Beware Boring The Smart Kids
There is an interesting conversation going on in the comments of Mark Guzdial’s blog that I wanted to engage in a small part of that conversation in more depth than what fits in a comment. It started with a comment by Erik Engbrecht that reads in part:
Boring a potentially great student is a greater crime than failing a mediocre one who could have made it through.
Mark Guzdial replied in part:
I feel *exactly* the opposite of that! It’s not hard to educate the great students — they’ll learn no matter what I do, and they tend to challenge themselves with their own projects and interests.
The comment “they’ll learn no matter what I do” concerns me. It may be true for college students (and is highly likely for the sort of students who go to Georgia Tech) but too often it’s not the case in high school and younger students. The information I heard at a workshop some years ago is that some 50% of drop outs are gifted students. Boredom is a huge problem for bright students before college. We lose a lot of students with great potential because they are bored and/or not challenged. This is a horrible loss for them and for society.
Younger students don’t often have the resources or the base knowledge to create their own projects for learning. Now some do and do it well. I’ve run into some students as young as middle school who have done some very creative projects all on their own. They are self motivated, one might say driven, and very creative. But they are also exceptional. Generally even the potentially great students need some help and focus. They need some help to get started and to help them get some resources. I like to call these the “point them in a direction and get out of the way” students.
I don’t think that losing the potentially great student is necessarily a greater crime than failing a mediocre student. I think they’re both bad. Good teachers find a way to help both kinds of students because we really can’t afford to leave anyone behind these days. Of course differentiated instruction is not a term that one hears that often in higher education. In middle and high school though it is something that has become engrained into the better performing schools and educational programs.
Of course in some high school computer science programs this gets taken to a bit of an extreme with several levels of computer science courses being taught in the same room by the same teacher at the same time.
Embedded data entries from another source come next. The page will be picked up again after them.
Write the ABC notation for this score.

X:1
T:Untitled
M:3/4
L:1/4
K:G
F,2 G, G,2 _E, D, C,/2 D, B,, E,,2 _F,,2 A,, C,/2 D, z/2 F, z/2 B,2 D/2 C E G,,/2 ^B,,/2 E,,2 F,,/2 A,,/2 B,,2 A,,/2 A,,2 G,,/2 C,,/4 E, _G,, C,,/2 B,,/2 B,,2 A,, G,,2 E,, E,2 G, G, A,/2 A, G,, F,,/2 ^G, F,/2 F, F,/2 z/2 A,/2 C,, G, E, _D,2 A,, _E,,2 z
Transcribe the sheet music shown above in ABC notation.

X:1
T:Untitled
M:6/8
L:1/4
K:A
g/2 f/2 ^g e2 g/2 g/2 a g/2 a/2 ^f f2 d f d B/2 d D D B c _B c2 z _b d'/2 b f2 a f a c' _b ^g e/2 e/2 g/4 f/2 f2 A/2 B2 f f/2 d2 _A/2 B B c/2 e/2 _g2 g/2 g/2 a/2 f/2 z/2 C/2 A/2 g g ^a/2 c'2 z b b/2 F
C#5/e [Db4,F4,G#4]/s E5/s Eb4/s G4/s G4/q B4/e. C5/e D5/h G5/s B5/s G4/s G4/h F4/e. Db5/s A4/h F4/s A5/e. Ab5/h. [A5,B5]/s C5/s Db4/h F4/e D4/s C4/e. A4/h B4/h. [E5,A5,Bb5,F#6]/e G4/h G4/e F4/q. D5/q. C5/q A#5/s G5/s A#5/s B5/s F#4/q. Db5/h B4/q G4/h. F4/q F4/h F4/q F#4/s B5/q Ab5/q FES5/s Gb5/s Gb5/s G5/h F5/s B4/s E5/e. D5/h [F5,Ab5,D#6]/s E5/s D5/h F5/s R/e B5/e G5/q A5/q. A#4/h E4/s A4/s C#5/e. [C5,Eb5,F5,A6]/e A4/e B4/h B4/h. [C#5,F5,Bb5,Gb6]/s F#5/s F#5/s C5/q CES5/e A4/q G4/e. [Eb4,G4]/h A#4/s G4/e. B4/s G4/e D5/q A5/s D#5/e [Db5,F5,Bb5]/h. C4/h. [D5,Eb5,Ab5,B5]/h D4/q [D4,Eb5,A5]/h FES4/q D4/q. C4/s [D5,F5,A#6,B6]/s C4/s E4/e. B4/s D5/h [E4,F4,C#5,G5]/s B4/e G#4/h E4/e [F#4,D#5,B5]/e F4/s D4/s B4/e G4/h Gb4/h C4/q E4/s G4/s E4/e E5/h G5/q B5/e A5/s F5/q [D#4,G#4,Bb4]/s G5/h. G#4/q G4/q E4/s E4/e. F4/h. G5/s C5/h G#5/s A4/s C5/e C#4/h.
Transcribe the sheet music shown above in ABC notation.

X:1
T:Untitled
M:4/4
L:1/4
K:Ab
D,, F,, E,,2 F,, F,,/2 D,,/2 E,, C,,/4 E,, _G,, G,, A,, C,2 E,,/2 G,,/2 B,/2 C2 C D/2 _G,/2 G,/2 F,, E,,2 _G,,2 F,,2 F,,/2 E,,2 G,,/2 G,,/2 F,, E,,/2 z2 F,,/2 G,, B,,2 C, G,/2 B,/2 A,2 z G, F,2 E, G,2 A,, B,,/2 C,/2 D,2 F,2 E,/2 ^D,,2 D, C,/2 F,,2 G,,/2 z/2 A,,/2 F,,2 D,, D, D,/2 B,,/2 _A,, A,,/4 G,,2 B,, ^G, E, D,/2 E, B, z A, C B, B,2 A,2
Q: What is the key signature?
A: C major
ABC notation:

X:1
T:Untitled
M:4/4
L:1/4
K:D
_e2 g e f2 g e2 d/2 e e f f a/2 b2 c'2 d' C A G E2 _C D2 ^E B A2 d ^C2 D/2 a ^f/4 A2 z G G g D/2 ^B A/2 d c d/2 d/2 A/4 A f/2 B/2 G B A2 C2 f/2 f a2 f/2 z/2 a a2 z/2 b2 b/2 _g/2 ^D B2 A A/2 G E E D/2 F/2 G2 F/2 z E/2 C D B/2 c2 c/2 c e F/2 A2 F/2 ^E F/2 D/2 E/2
I’m constantly amazed at how well so many teachers handle this sort of thing.
We’re lucky in the area of computer science that there are more and more free tools and resources for students to advance on their own though. For example the Dreamspark program from Microsoft offers professional grade software to students who can use it for their own projects. For university students world wide the Imagine Cup competition provides an outlet for creative learning projects for university students. And of course there are many more resources and competitions available from other companies and organizations. I try to link to many of them from this blog when I can BTW.
A couple of other sites I recommend for the “point them in a direction and get out of the way” students are the Beginning Developer Learning Center and Coding 4 Fun. The first for learning resources and the second for projects to tickle the imagination and suggest interesting learning projects. If a student is too quick, too driven, too something for the pace of the course point them somewhere helpful and get out of the way. But hang around in case they need more pointers along the way. We don’t want them to get needlessly frustrated and turned off.